The Consortium sells advertising. Any profits are plowed back into resources and salaries. Foundations are invited to endow. As are public-spirited private companies sympathetic to the Consortium's aims. Canada's media already get huge tax breaks and subsidies from various levels of government. The governments simply grab back those tax breaks and subsidies and give them to the Consortium.

As for the CBC, wrap it into the Consortium, give it increased and guaranteed five-year funding and after that let it fight for funds with all the other members.

The problem with newspapers and magazines, of course, is that we simply don't know how long they'll continue to exist in their present dead-tree form.

Montreal's hugely-prestigious Le Devoir (founded to "support honest folk and denounce scoundrels") would be a splendid founding member. The newspaper is already precariously supported by donations from its employees, corporations and readers and would bring with it considerable experience in such public funding.

Whatever happens, it's vital that the traditions, the heritage of our printed media -- whatever's left of their "publish and be damned" spirit -- be retained in the Consortium. Whether or not they merge into the Internet.

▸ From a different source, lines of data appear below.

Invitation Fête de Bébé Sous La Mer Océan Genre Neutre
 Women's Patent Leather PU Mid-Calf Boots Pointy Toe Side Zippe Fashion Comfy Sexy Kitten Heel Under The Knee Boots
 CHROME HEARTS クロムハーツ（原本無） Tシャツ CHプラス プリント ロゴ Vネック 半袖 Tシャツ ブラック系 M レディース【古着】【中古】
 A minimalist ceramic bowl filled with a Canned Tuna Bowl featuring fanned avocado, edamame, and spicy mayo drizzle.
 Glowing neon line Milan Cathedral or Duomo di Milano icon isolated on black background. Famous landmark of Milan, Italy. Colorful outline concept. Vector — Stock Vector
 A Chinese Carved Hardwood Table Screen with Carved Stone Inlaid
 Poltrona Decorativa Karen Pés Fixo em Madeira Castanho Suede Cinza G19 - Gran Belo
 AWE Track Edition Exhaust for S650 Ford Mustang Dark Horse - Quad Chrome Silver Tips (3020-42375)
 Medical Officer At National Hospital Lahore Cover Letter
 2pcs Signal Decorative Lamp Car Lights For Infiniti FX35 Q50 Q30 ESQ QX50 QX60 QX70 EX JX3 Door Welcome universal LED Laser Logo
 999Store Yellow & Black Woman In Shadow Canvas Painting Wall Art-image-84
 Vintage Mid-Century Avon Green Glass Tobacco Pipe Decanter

Our American cousins have many of the same problems.

In their 2010 book The Death and Life of American Journalism, Robert W. McChesney and John Nichols argue that compromises and corruption are destroying American journalism's "old order." That we have to "grab what is good and necessary from the crumbling edifice ... and raise it up on a new platform."

"The era of commercial news media is ending and a new system of independent journalism must be created and subsidized by the public if democracy is to survive and prosper."

Our own Canadian media critic, Naomi Klein, says of McChesney and Nichols:

"No two people are more dedicated to the transformative, democratizing power of journalism not as it is, but as it should be."

Next Step -- One definition of a conservative is someone who takes the best from the past and adapts it to the future. Oddly but delightfully, under that definition, public funding of Canadian journalism is eminently and logically conservative. So the present government should support it. With gusto.

When it does, it will forever wipe away that otherwise indelible stain on its honour left by the CAJ's Code of Silence award.